However, hiring independent contractors is not without risk—especially when a project falls through the cracks or you run into a potential problem with the IRS. Here are the three biggest mistakes small business owners make when working with independent contractors:
1. You Get Too Comfortable
Which means you start treating your independent contractor like an employee. The IRS has very specific rules and guidelines for how to classify people who work for your business. It’s an easy mistake to make, but basically, a person is classified as an employee or an independent contractor based on how much independence they have.
The IRS uses three tests to assess independence:
Do you control the way the worker completes the job, such as requiring certain hours be worked or the use of certain tools?
Do you reimburse the person for expenses, or does he or she pay them?
What type of contract do you have with this worker? Does the person get any benefits, such as health insurance?
2. You Do Not Set Expectations
If you know your independent contractor relationship is on the up and up according to IRS guidelines, make sure you’ve spelled out exactly what results you want for the project and how payment will be handled.

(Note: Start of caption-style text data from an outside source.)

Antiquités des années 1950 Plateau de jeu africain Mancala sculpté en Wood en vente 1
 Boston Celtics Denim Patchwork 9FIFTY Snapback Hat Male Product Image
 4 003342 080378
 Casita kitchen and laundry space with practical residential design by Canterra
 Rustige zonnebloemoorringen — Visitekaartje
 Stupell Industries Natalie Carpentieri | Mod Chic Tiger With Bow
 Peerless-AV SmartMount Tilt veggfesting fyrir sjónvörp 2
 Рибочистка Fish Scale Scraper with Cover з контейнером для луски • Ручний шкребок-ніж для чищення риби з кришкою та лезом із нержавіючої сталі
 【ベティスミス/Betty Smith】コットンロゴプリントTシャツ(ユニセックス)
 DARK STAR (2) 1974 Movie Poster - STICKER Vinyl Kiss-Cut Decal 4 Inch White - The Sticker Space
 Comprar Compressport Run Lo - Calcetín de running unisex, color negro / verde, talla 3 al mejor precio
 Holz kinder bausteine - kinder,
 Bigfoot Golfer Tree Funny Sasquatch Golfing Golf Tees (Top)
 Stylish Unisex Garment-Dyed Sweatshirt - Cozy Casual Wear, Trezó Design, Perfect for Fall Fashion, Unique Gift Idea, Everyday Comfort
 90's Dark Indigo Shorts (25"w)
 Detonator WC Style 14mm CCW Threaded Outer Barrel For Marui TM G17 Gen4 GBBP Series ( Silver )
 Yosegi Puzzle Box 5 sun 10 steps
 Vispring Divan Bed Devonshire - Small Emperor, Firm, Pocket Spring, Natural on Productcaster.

Did you check with any references about the person beforehand? Did you discuss how many revisions can be made for free and what will have to be paid for? Make sure there is a specific end to the relationship, such as a date, product delivery or whatever constitutes project completion.
3. You Get Disconnected From Projects
Even though the independent contractor is not your employee, you do need to make sure you’re staying on the same page as far as project results. Ask for updates, and if you want to make approvals throughout the project, ask for that, too. Schedule weekly or biweekly calls so everyone knows the status of the project and so that you and/or the contractor can answer any questions.
Outsourcing your projects can be the perfect solutions for your company, just be sure that you do not allow outsourcing to harm your business and the overall quality of the work provided by avoiding the above mistakes.